The problem started some time ago. Since the Industrial Revolution in the eighteenth century, humans have been increasingly polluting the planet as the consumption of fossil fuels took off in earnest. At the time, few people noticed or concerned themselves with the effect on the environment, focusing their apocalyptic anxieties on a different fear: overpopulation. The increase in food production had led to a rapid growth in population that some felt was unsustainable. Of particular influence were the ideas of Thomas Malthus, an eighteenth-century British writer who calculated that population growth would always outpace food supply, resulting in starvation on a mass scale for the poorest in society. His controversial theories encouraged some to think the suffering of the poor inevitable, even divinely sanctioned.*
It is a mistake to insist that the global problem is ‘overpopulation’ – indeed, China’s one-child policy made an important dent in that vast country’s burgeoning population without reducing the country’s carbon pollution. Some might even point instead to the global dropping birth rates, combined with the pressures of an ageing society, as being more likely to threaten our societies. Still, concerns regarding overpopulation and the future of our species don’t necessarily track the science. It’s a fear that often informs popular culture.
Take Soylent Green (1973), the cult film directed by Richard Fleischer and starring Charlton Heston, based on Harry Harrison’s novel Make Room! Make Room! (1966). The movie is markedly different to the novel.* Harrison’s overpopulation fable concentrates on the degradation of urban life. It is set in 1999, in a run-down New York so overcrowded that people have to share their apartments with strangers. For everyone except the super-rich, food is no longer delicious and varied; most people subsist upon a product made of soya beans and lentils called ‘soylent’. The plot of the novel is more or less inconsequential, but Harrison’s proposed solution to the problem of global overpopulation is the dissemination of contraception. In the last scene in the novel, the year 2000 begins and a big screen in Times Square announces, ‘Census says United States had biggest year ever, end-of-the-century, 344 million citizens!’† It’s almost an anticlimax.

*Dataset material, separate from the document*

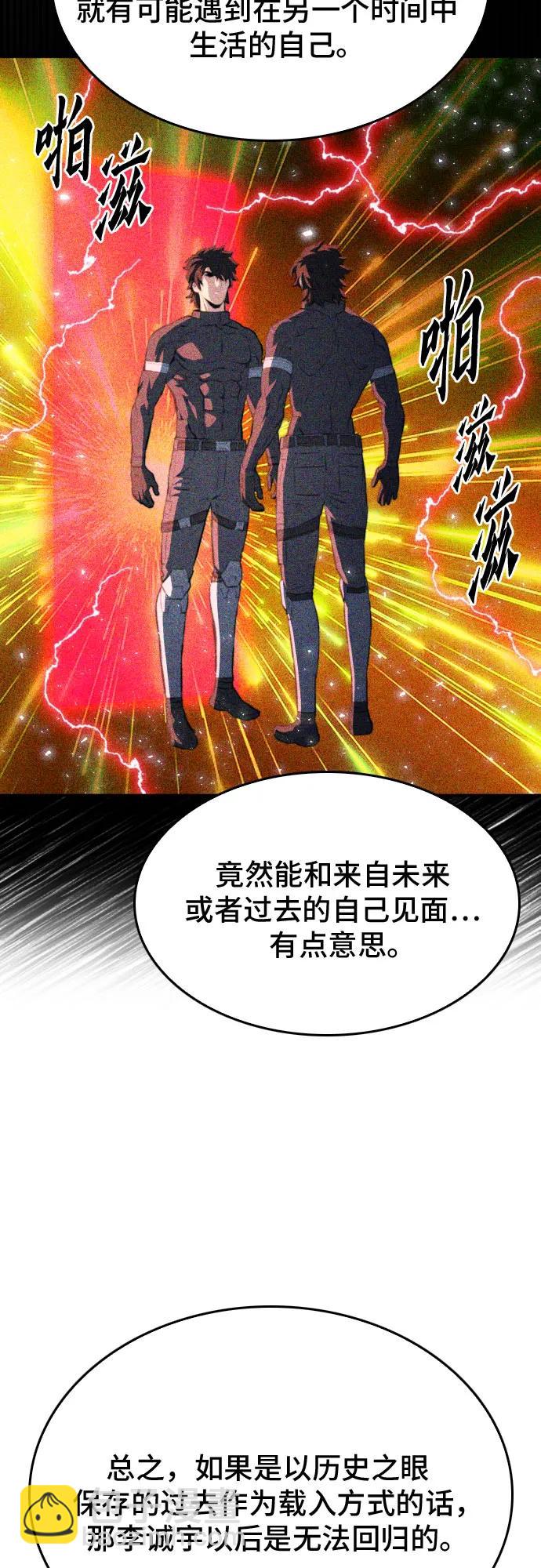 第173话51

Adapting this novel into a movie, the screenwriter Stanley R. Greenberg made a number of changes (including excising all mention of contraception to avoid alienating Roman Catholic cinemagoers), and added a new twist ending that has become the most famous part of the whole story. In the movie, Charlton Heston’s character comes to a grisly realisation: far from being made from soya and lentils, ‘Soylent Green’ is in fact made from processed human corpses. The film ends with the dramatic climax of a horrified Heston staggering through the city streets, warning his fellow New Yorkers: ‘Soylent Green is people!’
It’s certainly a dramatically effective ending, but it’s not a concept that survives a few seconds of rational thought. Soya and lentils are easy to grow and to convert into nutritious food; human beings are neither of those things, never mind the added expense required in keeping it a secret from the general population. But, of course, we should not judge Soylent Green in terms of its logical plausibility any more than we should The Day After Tomorrow. Its celebrated ending is, on the contrary, a symbolic articulation of a great truth: that we are hungrily consuming our world, devouring our means of subsistence and poisoning our reservoir of resources. The unsustainability is the point. Soylent Green is a metaphorical articulation of environmental disaster. We are Monty Python’s Black Knight, gaily lopping off our own limbs while loudly boasting about our invincibility.
While we’re unlikely to be tricked into eating each other, the question of how we’re going to feed our growing population while climate change challenges our existing practices of production and consumption is a valid one. But the problem isn’t simply that there are more people alive than ever before; the real issue is that those people are no longer content to live primitive, subsistence-level lives. They want the trappings of modernity: central heating (or air conditioning), internet access, cars, air travel, out-of-season fruit. As climate scientists remind us, around each person exists a circle of influence much larger than the individual – I’m talking, of course, about our ‘carbon footprint’. It is the amount of carbon that we’ve pumped into the atmosphere, through the burning of fossil fuels to power our lifestyle that is the biggest culprit, although there are certainly other problematic industries and practices, from fast fashion to cattle farming.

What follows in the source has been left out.